Esta opción de los ricos que conspiran para dominar el mundo es interesante para reflexionar sobre los países que funcionan, los que no y por qué. Pongamos el ejemplo comparado de Colombia y España. El hombre más rico de Colombia es Luis Carlos Sarmiento. Su fortuna estimada por Forbes es de unos 11.000 millones de dólares. El de España es Amancio Ortega. Su fortuna para Forbes es de 66.000 millones de dólares. Según el FMI, el PIB de Colombia es de 336.599 millones de dólares, el de España de 1.429.140 millones de dólares. Si hacemos una rápida cuenta, sale que la riqueza de Sarmiento equivale al 3,26% del PIB colombiano y la de Ortega al 4,61% del PIB español. Sin embargo, en Colombia todo aquel al que preguntes te dice que quien realmente manda detrás de los aparentemente todopoderosos políticos es Sarmiento, mientras que en España nadie cree que Ortega tenga ningún poder político significativo. ¿Por qué suponiendo ambos hombres un tanto por ciento similar de la riqueza de sus países a uno se le atribuye un poder político omnímodo y al otro uno inexistente?

Varias opciones: primera, porque efectivamente uno tiene el poder que se le supone y el otro no; segunda, porque uno es un país que no funciona y el otro sí, con lo que en uno hay que echarle la culpa a alguien (¿recuerdan, el rico malvado que conspira?) y en el otro no es necesario buscar enemigos.

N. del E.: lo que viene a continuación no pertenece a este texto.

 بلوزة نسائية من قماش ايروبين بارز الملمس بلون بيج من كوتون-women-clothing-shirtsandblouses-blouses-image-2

Si aceptamos la primera opción, habría que plantearse por qué uno tiene el poder y el otro no. La respuesta sería que en uno la institucionalidad es frágil y susceptible de ser controlada por el dinero, mientras que en el otro no. Moraleja: si quieres una democracia resistente al capital necesitas instituciones fuertes. Si aceptamos la segunda opción, no queda sino reconocer que tal vez Colombia no es un país menos desarrollado de lo que podría ser por culpa de los gringos o de los supuestos ricos malignos, sino por una suma de causas mucho más complejas que echarle la culpa a un sólo señor por muy rico que éste sea. En definitiva, que ni los ricos son tan influyentes como se les suele atribuir, ni, aunque lo quieran, lo pueden ser si la institucionalidad del país es sólida. Con lo que no hay que tener una actitud negativa e ir contra los ricos, sino una positiva y construir instituciones fuertes.